# New Defy Advanced 3 Compact - But Which Wheels



## MRM1 (Sep 13, 2008)

I take delivery of my new 2011 Defy Advanced 3 Compact tomorrow. Planning on a quick 30 mile group ride from the shop at the end of the day.

But wondering, when I have time I am thinking of switching out the stock wheels for my existing Neuvation M28 Aero Wheels. Which wheels would be the better choice? I have just over 2000 miles on the M28s. They have held up very well and roll extremely well. 

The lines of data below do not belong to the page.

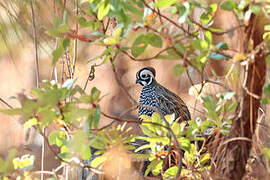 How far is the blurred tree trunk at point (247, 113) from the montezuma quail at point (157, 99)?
3.94 feet

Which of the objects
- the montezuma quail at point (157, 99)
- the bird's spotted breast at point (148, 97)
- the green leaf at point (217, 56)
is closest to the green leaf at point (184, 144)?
the green leaf at point (217, 56)

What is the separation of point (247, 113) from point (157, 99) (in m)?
1.37

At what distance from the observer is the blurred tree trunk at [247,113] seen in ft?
2.52

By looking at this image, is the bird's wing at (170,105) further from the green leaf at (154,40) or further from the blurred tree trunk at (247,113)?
the green leaf at (154,40)

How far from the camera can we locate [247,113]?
80 centimetres

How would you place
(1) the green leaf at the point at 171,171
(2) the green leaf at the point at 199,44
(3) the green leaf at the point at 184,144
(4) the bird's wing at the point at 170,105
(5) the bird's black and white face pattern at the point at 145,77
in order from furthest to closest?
(5) the bird's black and white face pattern at the point at 145,77, (4) the bird's wing at the point at 170,105, (1) the green leaf at the point at 171,171, (3) the green leaf at the point at 184,144, (2) the green leaf at the point at 199,44

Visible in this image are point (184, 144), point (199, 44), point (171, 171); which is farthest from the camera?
point (171, 171)

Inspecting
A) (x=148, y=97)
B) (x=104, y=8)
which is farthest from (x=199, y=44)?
(x=148, y=97)

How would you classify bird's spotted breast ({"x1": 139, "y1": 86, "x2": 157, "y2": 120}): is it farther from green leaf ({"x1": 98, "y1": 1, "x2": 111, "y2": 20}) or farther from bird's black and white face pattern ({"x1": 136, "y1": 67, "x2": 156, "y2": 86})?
green leaf ({"x1": 98, "y1": 1, "x2": 111, "y2": 20})

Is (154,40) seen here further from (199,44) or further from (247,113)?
(247,113)

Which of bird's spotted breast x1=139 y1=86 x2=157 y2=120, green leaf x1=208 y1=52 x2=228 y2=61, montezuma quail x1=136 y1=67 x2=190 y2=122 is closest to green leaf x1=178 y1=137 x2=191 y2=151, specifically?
green leaf x1=208 y1=52 x2=228 y2=61

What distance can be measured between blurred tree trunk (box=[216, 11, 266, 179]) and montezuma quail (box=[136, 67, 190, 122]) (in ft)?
3.94

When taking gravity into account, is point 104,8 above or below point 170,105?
above

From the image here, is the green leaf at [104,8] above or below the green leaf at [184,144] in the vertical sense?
above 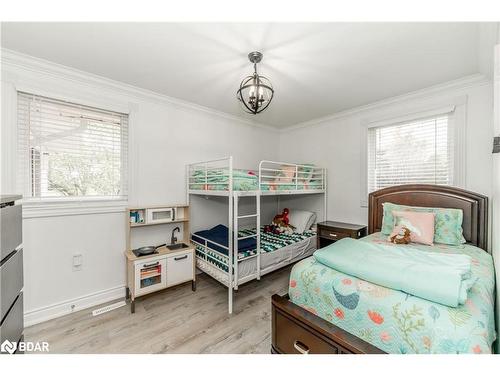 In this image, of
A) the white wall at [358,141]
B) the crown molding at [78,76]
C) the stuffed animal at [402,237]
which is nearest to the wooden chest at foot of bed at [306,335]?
the stuffed animal at [402,237]

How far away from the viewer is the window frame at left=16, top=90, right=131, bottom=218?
200 cm

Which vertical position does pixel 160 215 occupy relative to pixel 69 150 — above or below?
below

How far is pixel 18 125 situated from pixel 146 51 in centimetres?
139

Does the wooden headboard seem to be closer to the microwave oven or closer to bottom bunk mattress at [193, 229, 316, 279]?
bottom bunk mattress at [193, 229, 316, 279]

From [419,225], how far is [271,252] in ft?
5.29

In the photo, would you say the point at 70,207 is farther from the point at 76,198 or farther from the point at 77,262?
the point at 77,262

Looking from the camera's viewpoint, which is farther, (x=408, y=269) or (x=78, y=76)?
(x=78, y=76)

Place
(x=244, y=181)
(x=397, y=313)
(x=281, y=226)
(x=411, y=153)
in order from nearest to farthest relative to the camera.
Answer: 1. (x=397, y=313)
2. (x=244, y=181)
3. (x=411, y=153)
4. (x=281, y=226)

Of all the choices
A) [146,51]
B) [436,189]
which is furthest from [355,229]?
[146,51]

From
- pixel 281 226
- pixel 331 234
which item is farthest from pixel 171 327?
pixel 331 234

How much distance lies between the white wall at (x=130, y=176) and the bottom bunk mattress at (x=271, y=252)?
0.89 m

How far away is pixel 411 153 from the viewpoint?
112 inches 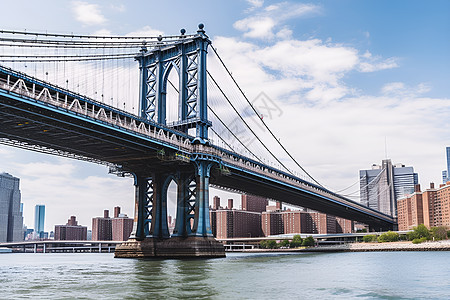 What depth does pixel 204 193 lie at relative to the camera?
66.6 meters

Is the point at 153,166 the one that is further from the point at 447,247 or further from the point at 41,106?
the point at 447,247

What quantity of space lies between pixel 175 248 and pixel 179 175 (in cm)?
952

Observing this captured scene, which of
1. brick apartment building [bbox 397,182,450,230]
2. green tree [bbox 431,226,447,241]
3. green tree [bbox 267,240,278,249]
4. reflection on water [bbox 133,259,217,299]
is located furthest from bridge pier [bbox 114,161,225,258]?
brick apartment building [bbox 397,182,450,230]

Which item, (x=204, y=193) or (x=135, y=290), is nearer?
(x=135, y=290)

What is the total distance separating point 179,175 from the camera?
69.3 m

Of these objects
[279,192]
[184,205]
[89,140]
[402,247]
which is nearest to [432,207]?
[402,247]

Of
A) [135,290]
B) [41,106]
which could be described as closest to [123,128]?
[41,106]

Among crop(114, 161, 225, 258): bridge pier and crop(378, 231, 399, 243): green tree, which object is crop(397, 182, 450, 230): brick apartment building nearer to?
crop(378, 231, 399, 243): green tree

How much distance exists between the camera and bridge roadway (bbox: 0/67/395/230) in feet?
148

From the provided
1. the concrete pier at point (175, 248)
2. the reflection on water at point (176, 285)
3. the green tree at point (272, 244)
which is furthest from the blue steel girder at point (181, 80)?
the green tree at point (272, 244)

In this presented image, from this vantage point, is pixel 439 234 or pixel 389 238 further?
pixel 389 238

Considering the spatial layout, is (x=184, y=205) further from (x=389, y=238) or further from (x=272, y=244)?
(x=272, y=244)

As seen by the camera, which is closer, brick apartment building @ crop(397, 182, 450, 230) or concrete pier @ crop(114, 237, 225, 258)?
concrete pier @ crop(114, 237, 225, 258)

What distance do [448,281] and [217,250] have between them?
118ft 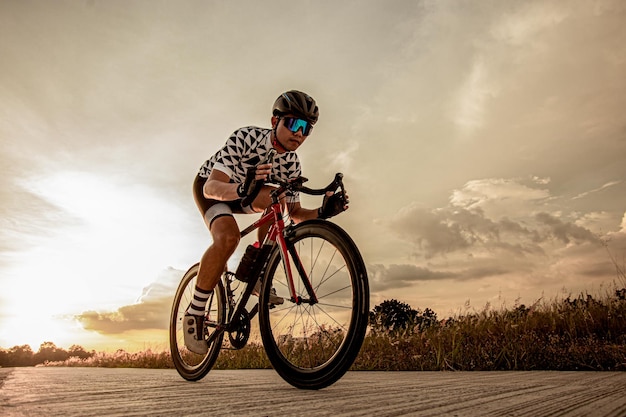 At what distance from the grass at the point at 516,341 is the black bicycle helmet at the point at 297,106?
11.1ft

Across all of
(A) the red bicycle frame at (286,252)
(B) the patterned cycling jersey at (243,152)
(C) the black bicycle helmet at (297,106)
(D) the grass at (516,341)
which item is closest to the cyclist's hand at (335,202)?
(A) the red bicycle frame at (286,252)

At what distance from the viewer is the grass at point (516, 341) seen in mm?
5138

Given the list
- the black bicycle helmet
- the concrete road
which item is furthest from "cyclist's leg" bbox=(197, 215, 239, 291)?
the concrete road

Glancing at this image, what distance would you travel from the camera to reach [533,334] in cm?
564

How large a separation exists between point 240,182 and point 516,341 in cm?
388

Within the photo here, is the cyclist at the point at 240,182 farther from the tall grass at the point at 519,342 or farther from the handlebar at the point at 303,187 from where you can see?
the tall grass at the point at 519,342

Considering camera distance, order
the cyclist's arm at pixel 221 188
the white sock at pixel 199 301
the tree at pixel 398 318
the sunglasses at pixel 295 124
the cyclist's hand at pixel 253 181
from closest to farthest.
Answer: the cyclist's hand at pixel 253 181, the cyclist's arm at pixel 221 188, the sunglasses at pixel 295 124, the white sock at pixel 199 301, the tree at pixel 398 318

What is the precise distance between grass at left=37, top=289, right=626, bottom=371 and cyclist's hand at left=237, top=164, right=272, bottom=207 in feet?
11.7

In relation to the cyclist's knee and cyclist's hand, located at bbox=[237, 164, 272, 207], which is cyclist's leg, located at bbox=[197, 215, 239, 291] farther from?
cyclist's hand, located at bbox=[237, 164, 272, 207]

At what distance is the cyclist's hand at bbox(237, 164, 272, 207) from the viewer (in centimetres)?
302

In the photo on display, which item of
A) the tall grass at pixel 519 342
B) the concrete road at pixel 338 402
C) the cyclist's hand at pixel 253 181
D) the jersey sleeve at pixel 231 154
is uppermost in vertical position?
the jersey sleeve at pixel 231 154

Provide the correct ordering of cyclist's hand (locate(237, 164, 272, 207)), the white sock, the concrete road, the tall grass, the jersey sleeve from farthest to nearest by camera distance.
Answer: the tall grass, the white sock, the jersey sleeve, cyclist's hand (locate(237, 164, 272, 207)), the concrete road

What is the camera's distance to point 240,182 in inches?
159

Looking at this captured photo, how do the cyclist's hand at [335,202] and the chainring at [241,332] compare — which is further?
the chainring at [241,332] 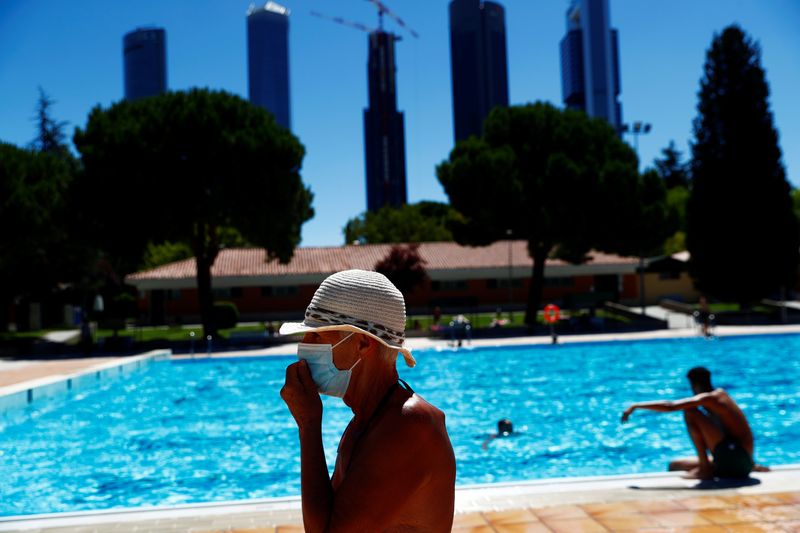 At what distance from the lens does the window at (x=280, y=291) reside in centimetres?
4534

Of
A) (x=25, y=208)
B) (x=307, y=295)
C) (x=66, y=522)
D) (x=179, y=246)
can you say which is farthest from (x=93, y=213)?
(x=179, y=246)

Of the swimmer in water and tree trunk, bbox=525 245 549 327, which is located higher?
tree trunk, bbox=525 245 549 327

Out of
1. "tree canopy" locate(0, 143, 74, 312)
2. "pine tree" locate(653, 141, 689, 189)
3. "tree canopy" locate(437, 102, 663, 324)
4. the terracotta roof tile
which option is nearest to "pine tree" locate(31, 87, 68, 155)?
the terracotta roof tile

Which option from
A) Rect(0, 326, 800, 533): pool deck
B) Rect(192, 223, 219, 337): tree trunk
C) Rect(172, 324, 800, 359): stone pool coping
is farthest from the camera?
Rect(192, 223, 219, 337): tree trunk

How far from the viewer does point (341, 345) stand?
1.85 metres

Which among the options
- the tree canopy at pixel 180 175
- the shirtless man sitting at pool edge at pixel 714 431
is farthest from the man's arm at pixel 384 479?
the tree canopy at pixel 180 175

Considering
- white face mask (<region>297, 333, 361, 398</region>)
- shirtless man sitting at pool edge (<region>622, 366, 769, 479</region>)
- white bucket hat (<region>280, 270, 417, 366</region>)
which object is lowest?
shirtless man sitting at pool edge (<region>622, 366, 769, 479</region>)

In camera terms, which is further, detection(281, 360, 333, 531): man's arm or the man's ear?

What would be the differences / better choice between the M28s and the stock Giant P-R2 rims with Formula Sealed Cartridge hubs. The Neuvations weigh 733g / 993g without QRs.

Also have new Vittoria Zaffiro Pro 23s tires on the Neuvations. The Giant comes with Giant P-R3's Keep the stock or opt for the Zaffiro's? 

Here are the Neuvations on my existing bike - Felt Z100. Black Rims, Chrome Hubs, Bladed Spokes:


----------



## cmanbrazil (Sep 7, 2011)

I would like to know what you decided? I won't be upgrading wheels this year but I was thinking about getting the continental 4000 s tires instead of the stock.
Btw still waiting on the Bike!


----------